At 02:43 AM 11/25/98 -0700, you wrote:

>From: Marco Denicolai-at-MARTIS on 23.11.98 09:10

>My questions are:
>
>1. What is still not understood about Tesla Coils and what would be worth
>investigating about?

How can a more efficient, smaller and safer device be created and the state
of the art advanced?

How about the secondary arc? How can it be controlled & directed?

>3. What you would start researchin about, if you were me?

Research Dual-Mode coil:
CW/tube coils lack big output sparks. Impulse coils lack high continous
power. Why not combine the two? Laser and high pressure sodium power
supplies apply a high voltage pulse to ionize the medium, then reduce the
voltage and increase current. Dynamic impedance matching is the issue, to
match the changing plasma impedance. The trick (for me, anyways) is
protecting a solid-state CW amplifier from the high-power impulse. Ferrite
and spark gaps could work.

Use solid state & magnetics to reduce footprint:
IGBT can switch hundreds to thousands of amps. Common switch mode IC's can
regulate and protect them. Metalic glasses and ferrites can be used in low
loss high frequency and power dense magnetic cores. High pressure air-freon,
or even oil maybe, can insulate megavolts. Its about time for a miniature,
solid-state coil. Problem for me is, I find RD destructive, and I can't
imagine developing one without destroying a several 100 - 1000 of $$$ in
parts.

Use chemical MHD pumping for kilo-joule to mega-joule energy levels:
Perhaps you are familiar with the singing hydrogen flame in a glass tube, or
whistling rocket engines? http://www.infowar-dot-com/MIL_C4I/mil_c4i8.html-ssi
describes how a single explosion generates EMP in the flux compression
generator. A resonant fire burning in a plasma shell (or suitable spark gap
orifice) would transduce energy to and from a Tesla Coil's magnetic field,
similar to a motor or generator rotor. The compact high-RF power (even if
poorly efficient) could be very usefull for lasers and ultra-clean induction
furnaces, and at large enough power levels, nuclear fusion ignitors.
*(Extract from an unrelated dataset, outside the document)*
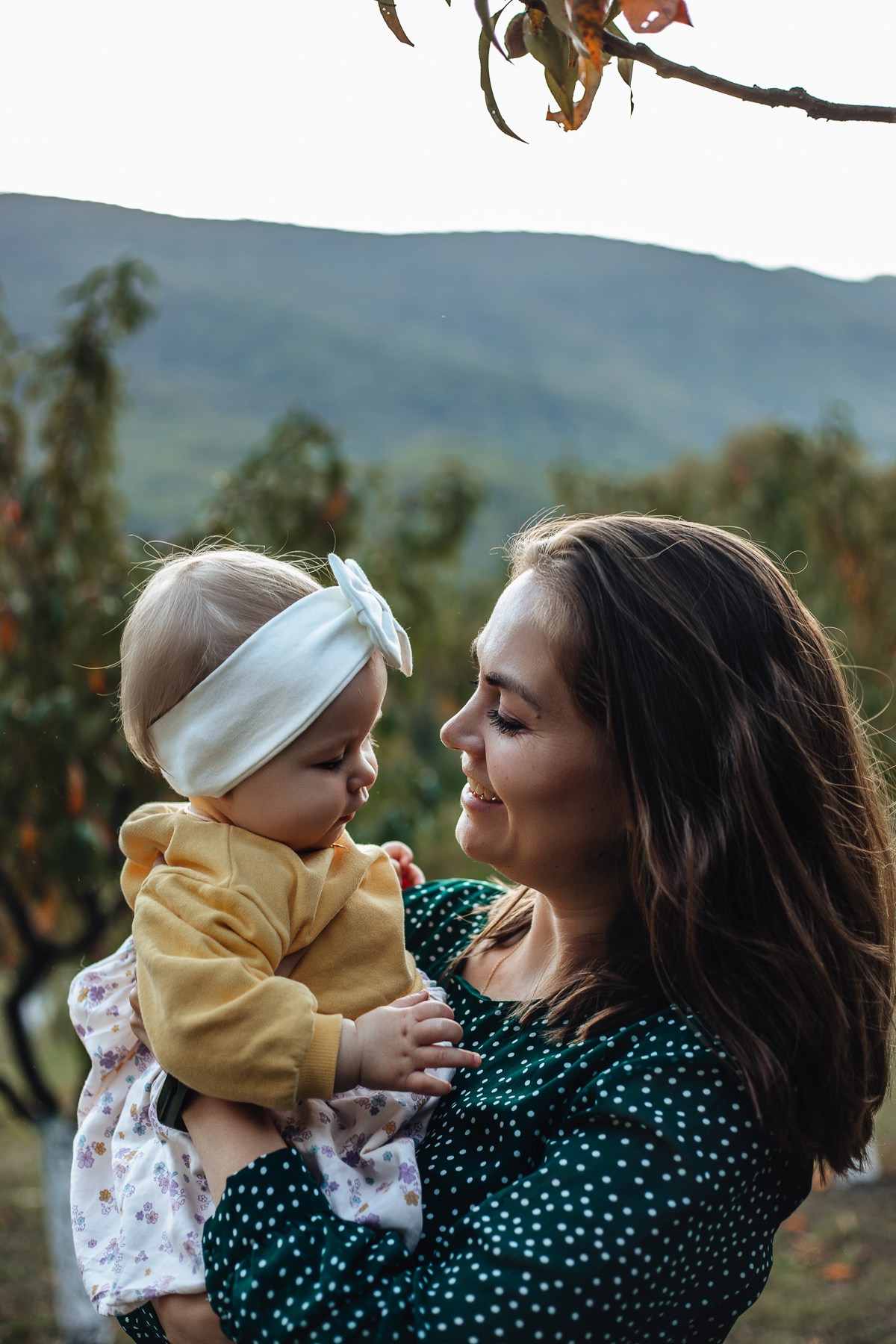 Иван, Ольга и Мира — в персиковом саду. Семейный фотограф Новороссийск, Анапа, Геленджик — Юлия Давыдова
Other energy storage paradigms:
Bulky transformers and capacitors are used to feed the Tesla primary. Other,
high-impulse power storage methods may be more advantagous. What if a
Kilo-watt large bulky capacitor could be replaced by a fly-wheel induction
motor-generator (compulsator)? How about liquid sodium swirling around a
transformer core, Faraday-disk style? Or a vibrating shell of piezo-ceramic
or ferrite?

Methods of controlling the arc, so it doesn't accidentaly hit and damage
anything:
* use a N2 laser to ionize air (there is a patent on this method!)
* use a microwave beam, experiment with different types of antenna; phased
arrays and helical arrays, to form various energy conduits & transmission
lines. Beaming microwaves into the TC discharge should be something like
blowing into a flame for a blow-torch effect. Maybe non-linear plasma
focusing could occur, for a flame-thrower type effect :).
* fire plasma balls or smoke-ring like vortex from a plasma gun?
http://ve4xm.caltech.edu/Bellan_plasma_page/howto.htm
* using lasers, employ the wakefield principle in the arc discharge, to
accelerate and focus charges into a beam.
http://www.indiana.edu/~icfa/icfa12/node24.html

So many kewl toyz. So little time...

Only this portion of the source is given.